Work request: In your copy of the data, include no pictures and alter nothing else.

Task input:
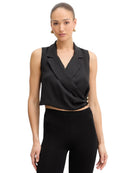 Top Cropped Donna Fracomina Senza Maniche | Wellington Jeans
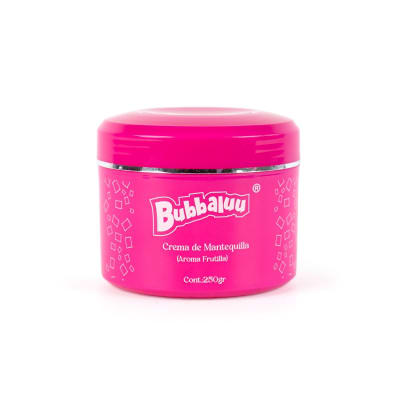 BUBBALUU CREMA DE MANTEQUILLA AROMA FRUTILLA 250 G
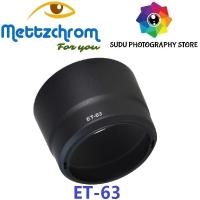 【☂】 Sperky EF-S เลนส์ฮูด ET-63 55-250มม. F/4-5.6เป็นเลนส์ STM เลนส์ฮูด ET63 ET 63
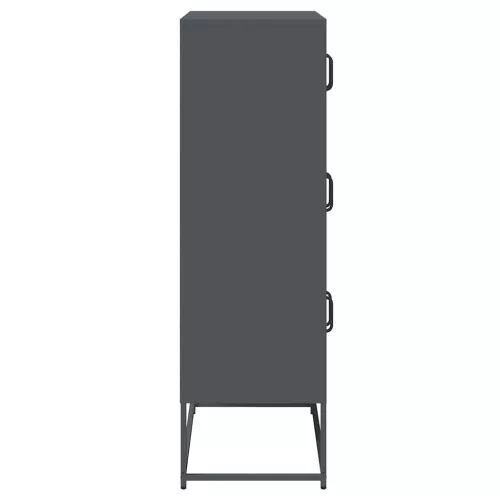  Highboard antracit 68x39x123 cm Acél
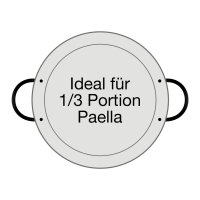 Paella-Pfanne Stahl poliert Ø 24 cm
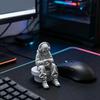 3D-печатная статуэтка сидящего скелета, Хэллоуин, Декор для помещений, Мини-фигурка черепа, Украшение для стола, полки в гостиной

Task answer:
 Top Cropped Donna Fracomina Senza Maniche | Wellington Jeans
 BUBBALUU CREMA DE MANTEQUILLA AROMA FRUTILLA 250 G
 【☂】 Sperky EF-S เลนส์ฮูด ET-63 55-250มม. F/4-5.6เป็นเลนส์ STM เลนส์ฮูด ET63 ET 63
  Highboard antracit 68x39x123 cm Acél
 Paella-Pfanne Stahl poliert Ø 24 cm
 3D-печатная статуэтка сидящего скелета, Хэллоуин, Декор для помещений, Мини-фигурка черепа, Украшение для стола, полки в гостиной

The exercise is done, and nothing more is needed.